Quella che spinge a chiedere il colpevole con la C maiuscola. Il capro espiatorio. E in effetti nella vicenda della sciagura del 2013 Castellucci potrebbe incarnare perfettamente il ruolo. Era stato rinviato a giudizio per omicidio colposo plurimo e disastro colposo a causa dei guard rail del viadotto, sbriciolati nell’impatto con il bus. Fradici, secondo l’accusa. Ma Castellucci è anche il volto con cui Autostrade si è presentata agli italiani dopo il crollo del ponte Morandi.

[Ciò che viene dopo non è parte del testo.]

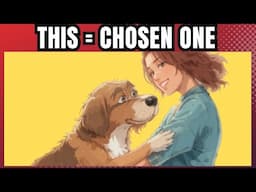 12 Unique Ways Your Dog Says "I Love You" (Backed by Science!)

Se chiamati a individuare un responsabile della carneficina di Ferragosto, tanti sceglierebbero lui. Quindi è perfetto per rappresentare il male in qualsiasi altro posto. Anche nell’aula del tribunale di Avellino. Cosa importa che secondo il giudice non ci fossero prove di una sua personale responsabilità? E soprattutto: come accettare che possano esserci anche sentenze di assoluzione? Perché - è questo il punto - all’idea che la giustizia debba accertare i fatti e non consumare vendette non crede quasi più nessuno. È come se ieri davanti a quel giudice monocratico fossero risuonate le tante grida di sdegno scaricate addosso in questi anni a tanti altri magistrati che avevano usato la parola “assolve”. La giustizia dovrebbe essere al suo massimo grado quando arriva a riconoscere innocente un imputato. Dopo averlo sottoposto a indagine, aver ipotizzato reati a suo carico, aver assunto prove in dibattimento e averle valutate. Perché? Semplice: se un pubblico potere, il Tribunale, quindi lo Stato, prima accusa e poi riconosce che l’accusa è infondata, lo fa in nome della propria massima autorevolezza. Uno Stato, e un giudice così, dovrebbero rassicurarci, perché hanno il coraggio di assolvere, appunto. A furia di coltivare l’attesa per condanne vendicative, un giorno finiremo per sentirci insicuri davvero. Non è ai familiari delle vittime di Pozzuoli che lo si deve ricordare. Ma a noi tutti. Che abbiamo trasformato la giustizia in qualcos’altro.